The answer should consist of every line in the material below that has the word "Picture".

═══ MATERIAL PROVIDED

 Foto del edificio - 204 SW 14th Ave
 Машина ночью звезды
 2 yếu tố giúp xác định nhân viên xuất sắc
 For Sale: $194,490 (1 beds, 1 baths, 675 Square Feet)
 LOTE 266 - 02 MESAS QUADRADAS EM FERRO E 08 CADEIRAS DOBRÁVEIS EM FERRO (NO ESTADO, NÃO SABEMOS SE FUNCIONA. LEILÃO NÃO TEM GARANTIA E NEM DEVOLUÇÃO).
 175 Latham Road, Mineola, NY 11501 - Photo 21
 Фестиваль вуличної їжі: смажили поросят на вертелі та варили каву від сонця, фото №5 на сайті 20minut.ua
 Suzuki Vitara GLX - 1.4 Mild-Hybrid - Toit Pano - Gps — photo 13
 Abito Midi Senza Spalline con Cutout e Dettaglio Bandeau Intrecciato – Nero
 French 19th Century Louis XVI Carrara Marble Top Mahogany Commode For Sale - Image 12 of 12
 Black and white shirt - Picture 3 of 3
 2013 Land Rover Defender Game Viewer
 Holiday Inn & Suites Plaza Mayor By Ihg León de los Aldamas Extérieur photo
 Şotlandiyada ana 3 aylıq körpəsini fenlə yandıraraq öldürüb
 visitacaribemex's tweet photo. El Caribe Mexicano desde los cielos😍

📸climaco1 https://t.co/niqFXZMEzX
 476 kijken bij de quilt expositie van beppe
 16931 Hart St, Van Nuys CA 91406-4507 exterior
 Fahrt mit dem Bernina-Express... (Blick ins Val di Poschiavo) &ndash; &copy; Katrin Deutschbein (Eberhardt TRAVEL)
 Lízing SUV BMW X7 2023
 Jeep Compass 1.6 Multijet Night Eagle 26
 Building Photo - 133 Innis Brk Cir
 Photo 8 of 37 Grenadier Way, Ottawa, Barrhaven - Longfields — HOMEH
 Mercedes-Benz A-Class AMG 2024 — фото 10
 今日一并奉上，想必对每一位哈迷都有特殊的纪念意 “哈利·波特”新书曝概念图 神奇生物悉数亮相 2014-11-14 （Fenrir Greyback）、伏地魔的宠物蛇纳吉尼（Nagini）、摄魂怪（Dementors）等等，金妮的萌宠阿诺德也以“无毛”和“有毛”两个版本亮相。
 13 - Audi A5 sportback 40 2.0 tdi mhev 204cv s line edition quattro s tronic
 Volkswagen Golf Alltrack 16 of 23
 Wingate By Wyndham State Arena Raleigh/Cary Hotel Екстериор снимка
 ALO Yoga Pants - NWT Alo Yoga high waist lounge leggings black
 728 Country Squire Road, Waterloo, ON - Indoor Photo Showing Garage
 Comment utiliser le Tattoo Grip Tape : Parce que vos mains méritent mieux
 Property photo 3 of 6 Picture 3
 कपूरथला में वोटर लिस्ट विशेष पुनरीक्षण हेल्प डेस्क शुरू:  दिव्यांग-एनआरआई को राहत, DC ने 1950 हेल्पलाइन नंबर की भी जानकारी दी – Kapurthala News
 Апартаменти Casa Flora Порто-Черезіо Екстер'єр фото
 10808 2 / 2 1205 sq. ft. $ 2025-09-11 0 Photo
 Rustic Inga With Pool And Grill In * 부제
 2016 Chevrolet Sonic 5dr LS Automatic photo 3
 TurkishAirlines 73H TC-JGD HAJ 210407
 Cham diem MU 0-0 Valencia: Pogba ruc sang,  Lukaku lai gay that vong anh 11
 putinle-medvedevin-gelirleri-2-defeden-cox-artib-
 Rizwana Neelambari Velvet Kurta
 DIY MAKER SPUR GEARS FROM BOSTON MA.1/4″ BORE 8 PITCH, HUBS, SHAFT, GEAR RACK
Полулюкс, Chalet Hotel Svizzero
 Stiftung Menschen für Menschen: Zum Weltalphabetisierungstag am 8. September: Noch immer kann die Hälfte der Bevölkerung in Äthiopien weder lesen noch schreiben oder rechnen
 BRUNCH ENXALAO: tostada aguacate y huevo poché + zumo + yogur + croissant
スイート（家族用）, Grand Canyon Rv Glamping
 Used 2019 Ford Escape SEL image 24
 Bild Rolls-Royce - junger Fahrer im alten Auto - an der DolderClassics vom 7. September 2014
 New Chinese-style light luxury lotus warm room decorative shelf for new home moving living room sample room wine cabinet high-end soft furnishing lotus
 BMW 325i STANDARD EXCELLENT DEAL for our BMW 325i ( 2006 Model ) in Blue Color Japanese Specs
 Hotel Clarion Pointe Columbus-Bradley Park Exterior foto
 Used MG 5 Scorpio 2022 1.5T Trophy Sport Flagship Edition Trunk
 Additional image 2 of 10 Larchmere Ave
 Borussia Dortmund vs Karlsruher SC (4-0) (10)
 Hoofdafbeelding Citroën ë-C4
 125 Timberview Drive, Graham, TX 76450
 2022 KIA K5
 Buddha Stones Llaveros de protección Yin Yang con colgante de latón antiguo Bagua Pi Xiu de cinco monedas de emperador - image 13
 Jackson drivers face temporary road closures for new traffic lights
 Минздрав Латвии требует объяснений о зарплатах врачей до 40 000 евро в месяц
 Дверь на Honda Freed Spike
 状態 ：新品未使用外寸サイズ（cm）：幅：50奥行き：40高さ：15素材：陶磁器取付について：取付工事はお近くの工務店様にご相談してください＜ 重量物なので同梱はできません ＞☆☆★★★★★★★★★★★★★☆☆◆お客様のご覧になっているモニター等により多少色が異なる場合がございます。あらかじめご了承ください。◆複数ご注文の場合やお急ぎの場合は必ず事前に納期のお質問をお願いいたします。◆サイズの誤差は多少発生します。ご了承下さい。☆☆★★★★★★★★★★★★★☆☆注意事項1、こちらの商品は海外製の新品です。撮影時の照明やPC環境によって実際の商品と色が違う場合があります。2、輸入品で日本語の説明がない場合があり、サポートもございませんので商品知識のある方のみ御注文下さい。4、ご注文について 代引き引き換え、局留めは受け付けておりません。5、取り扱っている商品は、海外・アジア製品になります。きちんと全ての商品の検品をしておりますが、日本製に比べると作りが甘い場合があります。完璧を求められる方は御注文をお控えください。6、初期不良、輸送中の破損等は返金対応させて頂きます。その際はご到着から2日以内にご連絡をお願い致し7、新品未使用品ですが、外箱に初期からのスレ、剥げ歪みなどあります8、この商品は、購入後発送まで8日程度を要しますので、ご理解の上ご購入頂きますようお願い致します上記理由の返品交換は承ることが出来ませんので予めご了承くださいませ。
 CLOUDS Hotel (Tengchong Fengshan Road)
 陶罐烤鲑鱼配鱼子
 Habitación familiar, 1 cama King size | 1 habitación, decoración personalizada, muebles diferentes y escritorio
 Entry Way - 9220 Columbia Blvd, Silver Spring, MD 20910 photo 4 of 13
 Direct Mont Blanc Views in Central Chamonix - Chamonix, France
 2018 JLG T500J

══════

* **OUTPUT FOR THIS TASK**:
 Black and white shirt - Picture 3 of 3
 Property photo 3 of 6 Picture 3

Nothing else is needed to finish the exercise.